Transcribe the listing below exactly, leaving out each image.

◆ RECORDED INFORMATION:
==*==

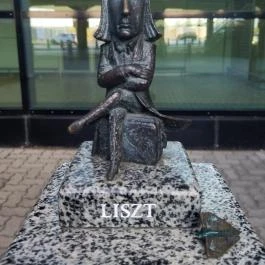 Kolodko: Liszt Ferenc miniszobor Budapest - Egyéb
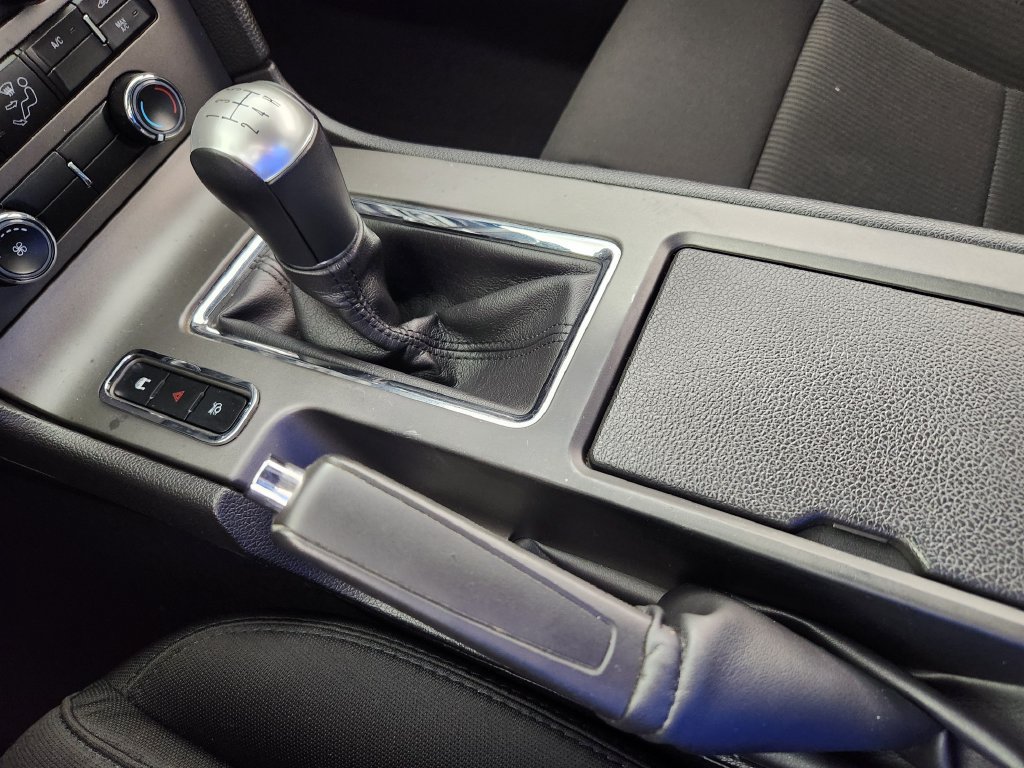 Used 2010 Ford Mustang GT RWD image 24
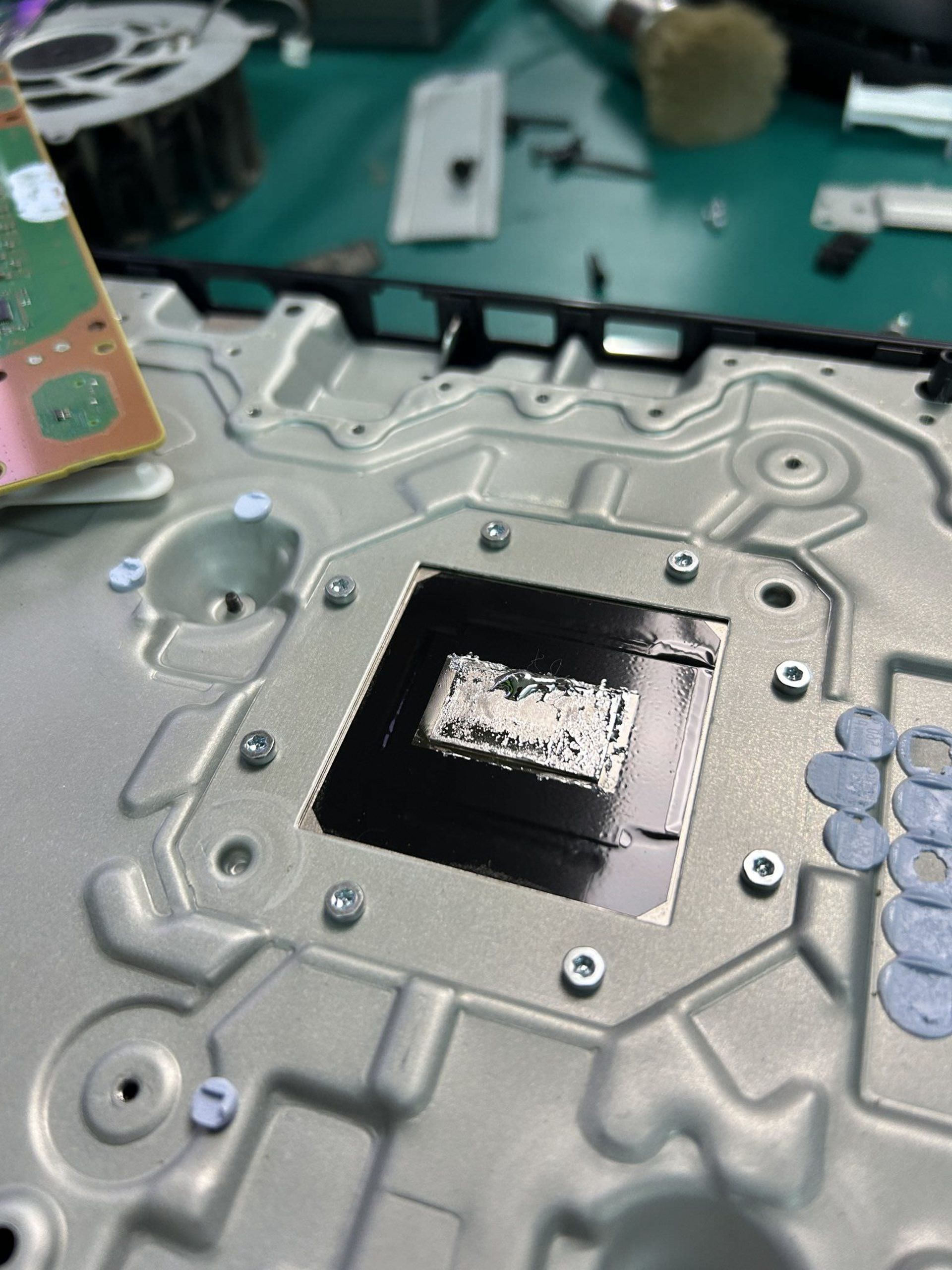 افت کارایی مایع فلزی در پلی استیشن 5 اسلیم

==*==

◆ PROBLEM SOLUTION:
 Kolodko: Liszt Ferenc miniszobor Budapest - Egyéb
 Used 2010 Ford Mustang GT RWD image 24
 افت کارایی مایع فلزی در پلی استیشن 5 اسلیم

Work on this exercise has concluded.